Czeslaw Scislowski from Poland, Rostislav Kostial from Czechoslovakia and Rudolf Kunfalvi from Hungary, three professors had done tremendous work and dedicated them to organizing the first ever IPhO in their motherland. Later it was found out that, Poland would be the most suitable country for organizing IPhO. This, together with a great personal contribution from Prof. Scislowski, resulted in the first international physics competition that took place in Warsaw in 1967.
One important difference between the IMOs and the IPhOs is that at the IPhOs, participants solve not only theoretical problems but also experimental problems. Therefore, organising an IPhO is more complicated and more expensive.

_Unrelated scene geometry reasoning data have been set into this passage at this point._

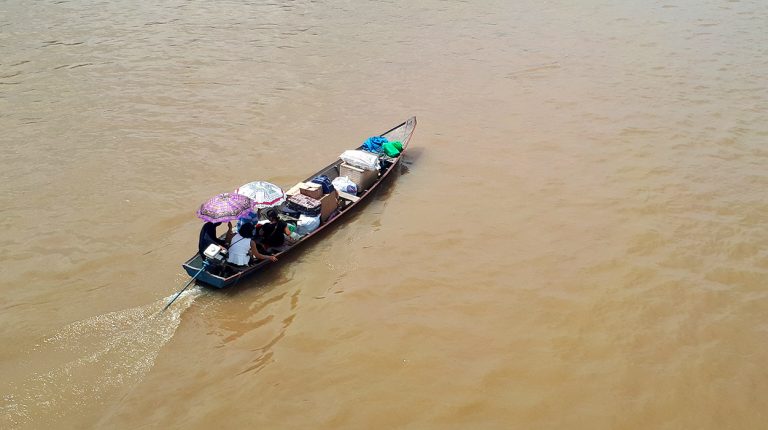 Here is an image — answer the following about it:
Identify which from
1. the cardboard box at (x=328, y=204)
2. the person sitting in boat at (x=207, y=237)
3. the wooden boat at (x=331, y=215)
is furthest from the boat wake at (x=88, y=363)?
the cardboard box at (x=328, y=204)

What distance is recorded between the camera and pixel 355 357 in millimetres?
7105

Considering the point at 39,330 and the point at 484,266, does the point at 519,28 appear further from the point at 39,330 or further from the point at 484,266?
the point at 39,330

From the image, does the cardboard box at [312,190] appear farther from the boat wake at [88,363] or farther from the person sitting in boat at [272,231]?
the boat wake at [88,363]

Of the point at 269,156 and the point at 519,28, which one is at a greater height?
the point at 519,28

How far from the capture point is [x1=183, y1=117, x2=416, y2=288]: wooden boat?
7.83 meters

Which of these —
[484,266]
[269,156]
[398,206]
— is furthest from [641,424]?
[269,156]

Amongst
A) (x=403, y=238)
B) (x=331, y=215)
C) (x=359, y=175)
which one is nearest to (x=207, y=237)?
(x=331, y=215)

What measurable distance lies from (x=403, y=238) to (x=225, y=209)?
307 centimetres

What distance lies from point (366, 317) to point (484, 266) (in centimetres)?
218

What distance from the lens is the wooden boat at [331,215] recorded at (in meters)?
7.83

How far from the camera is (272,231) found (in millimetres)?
8555

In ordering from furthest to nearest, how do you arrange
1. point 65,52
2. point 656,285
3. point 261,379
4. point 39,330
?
1. point 65,52
2. point 656,285
3. point 39,330
4. point 261,379

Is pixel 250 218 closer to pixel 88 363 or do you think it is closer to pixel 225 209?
pixel 225 209

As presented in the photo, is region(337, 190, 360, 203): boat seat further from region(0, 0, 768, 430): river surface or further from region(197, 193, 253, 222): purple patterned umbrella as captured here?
region(197, 193, 253, 222): purple patterned umbrella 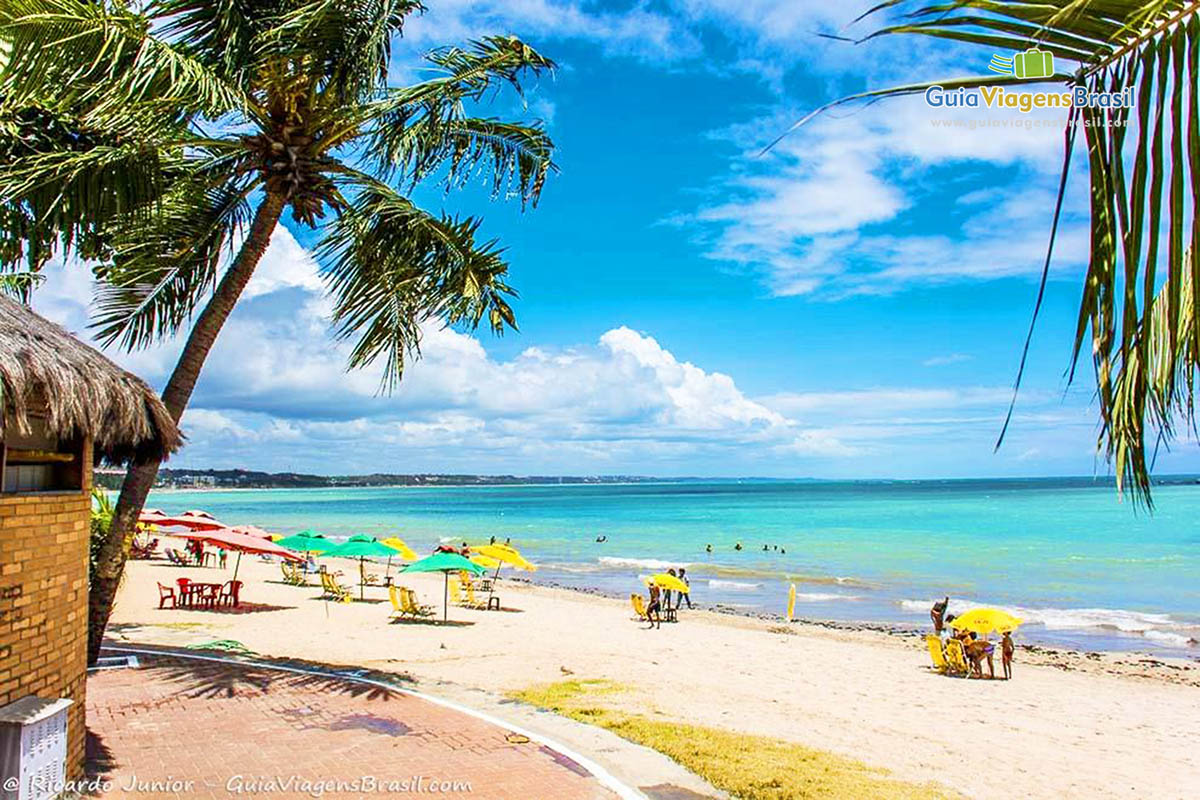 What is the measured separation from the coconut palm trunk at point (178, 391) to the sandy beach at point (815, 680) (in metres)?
3.71

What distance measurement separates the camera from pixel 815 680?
14.4 m

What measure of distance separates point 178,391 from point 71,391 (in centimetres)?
464

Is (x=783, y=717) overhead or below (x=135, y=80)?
below

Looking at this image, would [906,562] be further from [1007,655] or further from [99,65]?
[99,65]

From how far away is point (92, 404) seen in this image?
223 inches

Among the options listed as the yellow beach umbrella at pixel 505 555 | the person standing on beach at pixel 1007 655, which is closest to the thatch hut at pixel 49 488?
the person standing on beach at pixel 1007 655

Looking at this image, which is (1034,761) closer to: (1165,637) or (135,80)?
(135,80)

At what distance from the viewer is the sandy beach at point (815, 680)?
9.72 m

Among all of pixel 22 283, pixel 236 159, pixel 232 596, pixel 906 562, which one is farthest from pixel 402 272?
pixel 906 562

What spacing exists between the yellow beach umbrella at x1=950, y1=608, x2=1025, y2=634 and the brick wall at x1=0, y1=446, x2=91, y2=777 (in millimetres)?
14121

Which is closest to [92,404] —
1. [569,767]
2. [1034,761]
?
[569,767]

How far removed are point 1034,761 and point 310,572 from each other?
24242 millimetres

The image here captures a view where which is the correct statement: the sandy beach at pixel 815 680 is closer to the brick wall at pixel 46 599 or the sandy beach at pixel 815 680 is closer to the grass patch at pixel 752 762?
the grass patch at pixel 752 762

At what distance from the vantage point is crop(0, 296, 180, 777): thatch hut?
5.10 m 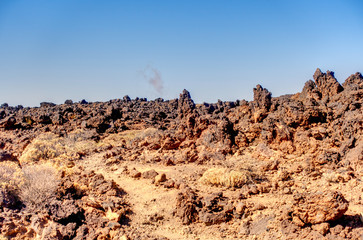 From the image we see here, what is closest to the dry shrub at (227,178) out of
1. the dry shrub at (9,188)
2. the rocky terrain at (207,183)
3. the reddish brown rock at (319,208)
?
the rocky terrain at (207,183)

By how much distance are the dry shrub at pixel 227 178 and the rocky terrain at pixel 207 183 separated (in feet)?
0.11

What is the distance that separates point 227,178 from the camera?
8461 millimetres

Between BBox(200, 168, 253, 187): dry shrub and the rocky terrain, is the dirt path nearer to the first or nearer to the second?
the rocky terrain

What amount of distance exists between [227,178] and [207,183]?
24.6 inches

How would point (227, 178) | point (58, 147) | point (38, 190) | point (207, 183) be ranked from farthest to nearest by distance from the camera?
point (58, 147)
point (207, 183)
point (227, 178)
point (38, 190)

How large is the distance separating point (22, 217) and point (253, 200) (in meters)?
5.55

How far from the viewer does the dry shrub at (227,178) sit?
8.38 m

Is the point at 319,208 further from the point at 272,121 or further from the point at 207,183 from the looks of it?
the point at 272,121

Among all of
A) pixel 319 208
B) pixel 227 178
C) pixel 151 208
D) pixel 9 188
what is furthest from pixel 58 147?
Answer: pixel 319 208

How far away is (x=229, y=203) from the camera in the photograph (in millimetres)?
6973

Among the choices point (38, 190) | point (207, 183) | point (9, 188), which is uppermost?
point (9, 188)

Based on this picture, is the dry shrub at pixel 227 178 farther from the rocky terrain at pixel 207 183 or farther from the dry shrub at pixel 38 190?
the dry shrub at pixel 38 190

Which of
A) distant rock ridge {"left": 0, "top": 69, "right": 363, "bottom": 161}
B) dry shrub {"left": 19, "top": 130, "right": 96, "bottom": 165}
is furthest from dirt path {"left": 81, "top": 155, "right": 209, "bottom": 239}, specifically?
dry shrub {"left": 19, "top": 130, "right": 96, "bottom": 165}

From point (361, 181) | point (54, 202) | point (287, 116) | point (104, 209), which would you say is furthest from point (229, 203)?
point (287, 116) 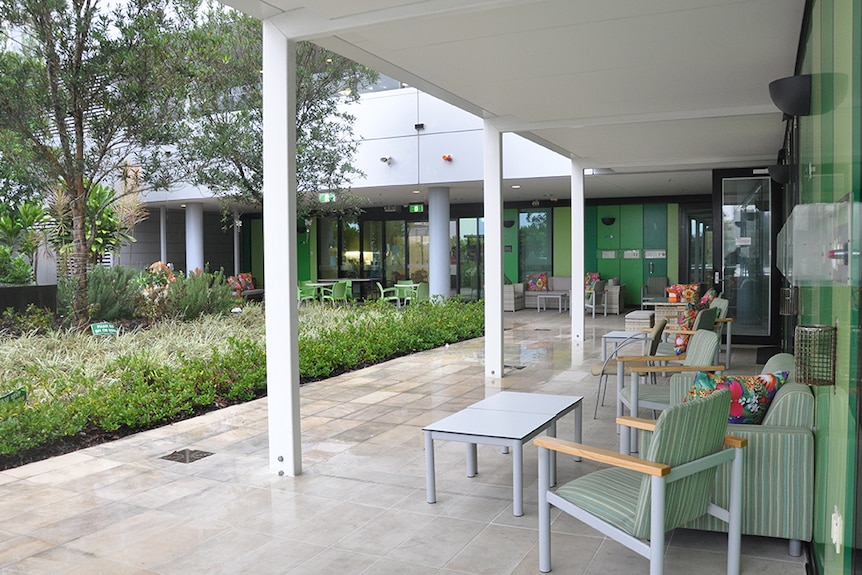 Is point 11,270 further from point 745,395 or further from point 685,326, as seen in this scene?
point 745,395

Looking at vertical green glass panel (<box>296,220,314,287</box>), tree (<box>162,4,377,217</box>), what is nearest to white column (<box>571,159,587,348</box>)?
tree (<box>162,4,377,217</box>)

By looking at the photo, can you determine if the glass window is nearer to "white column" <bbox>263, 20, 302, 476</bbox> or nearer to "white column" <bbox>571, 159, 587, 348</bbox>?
"white column" <bbox>571, 159, 587, 348</bbox>

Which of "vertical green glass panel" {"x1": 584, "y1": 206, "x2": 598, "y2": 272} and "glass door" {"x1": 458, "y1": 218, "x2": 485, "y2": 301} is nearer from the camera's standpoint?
"vertical green glass panel" {"x1": 584, "y1": 206, "x2": 598, "y2": 272}

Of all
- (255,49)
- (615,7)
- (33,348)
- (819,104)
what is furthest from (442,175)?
(819,104)

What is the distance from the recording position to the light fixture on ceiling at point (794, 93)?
11.2 feet

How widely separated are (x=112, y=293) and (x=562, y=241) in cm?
1216

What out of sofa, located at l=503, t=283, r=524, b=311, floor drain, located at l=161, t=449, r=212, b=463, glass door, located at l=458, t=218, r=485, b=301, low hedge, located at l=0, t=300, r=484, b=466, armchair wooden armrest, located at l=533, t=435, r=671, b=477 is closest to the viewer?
armchair wooden armrest, located at l=533, t=435, r=671, b=477

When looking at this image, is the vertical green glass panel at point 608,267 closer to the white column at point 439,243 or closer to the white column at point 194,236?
the white column at point 439,243

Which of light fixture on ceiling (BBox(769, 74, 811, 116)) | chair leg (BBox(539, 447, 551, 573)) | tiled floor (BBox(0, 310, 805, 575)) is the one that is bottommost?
tiled floor (BBox(0, 310, 805, 575))

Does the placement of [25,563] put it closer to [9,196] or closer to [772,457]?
[772,457]

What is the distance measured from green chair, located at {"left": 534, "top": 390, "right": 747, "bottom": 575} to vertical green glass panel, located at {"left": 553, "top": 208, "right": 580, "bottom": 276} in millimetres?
16172

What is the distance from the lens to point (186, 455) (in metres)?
5.29

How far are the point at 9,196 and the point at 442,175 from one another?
7587mm

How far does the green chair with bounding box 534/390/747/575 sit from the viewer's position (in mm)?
2820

Several months before the first IPhO took place, invitations were sent to all Central European countries. The invitations were accepted by Bulgaria, Czechoslovakia, Hungary and Romania. Each team consisted of three secondary-school students accompanied by one supervisor. The competition was arranged along the lines of the Polish Physics Olympiad: one day for theoretical problems, and another day for an experiment. One difference was that the participants had to wait for the scripts to be marked. During the waiting period, the organisers arranged two excursions by plane to Krakow and Gdansk. The students had to solve four theoretical problems and one experimental problem.
The second IPhO was organised in Budapest, Hungary, in 1968. Some time before the second IPhO, preliminary versions of the Statutes and Syllabus were produced. Later, the International Board consisting of the supervisors of the teams that participated in the competition officially accepted these documents. This took place during a special meeting organised in Brno, Czechoslovakia, several months after the second IPhO. It is proper to underline that, in spite of various changes made later, all the basic features of the first Statutes remain valid to this day.
Third and the following IPhOs
The third IPhO was arranged in Brno, Czechoslovakia, in 1969. It was organised according to the official Statutes accepted earlier. The next IPhO took place in Moscow, Soviet Union, in 1970. Each country was represented by six students and two supervisors. Several small changes were also introduced into the Statutes.
Since the fifth IPhO, held in Sofia, Bulgaria, in 1971, each team has consisted of five students and two supervisors. The sixth IPhO was held in Bucharest, Romania, in 1972. The first non-European country, Cuba, and the first Western European country, France, participated in the sixth IPhO. The International Board decided to introduce several changes into the Statutes. However, no written proposal of the changes was produced.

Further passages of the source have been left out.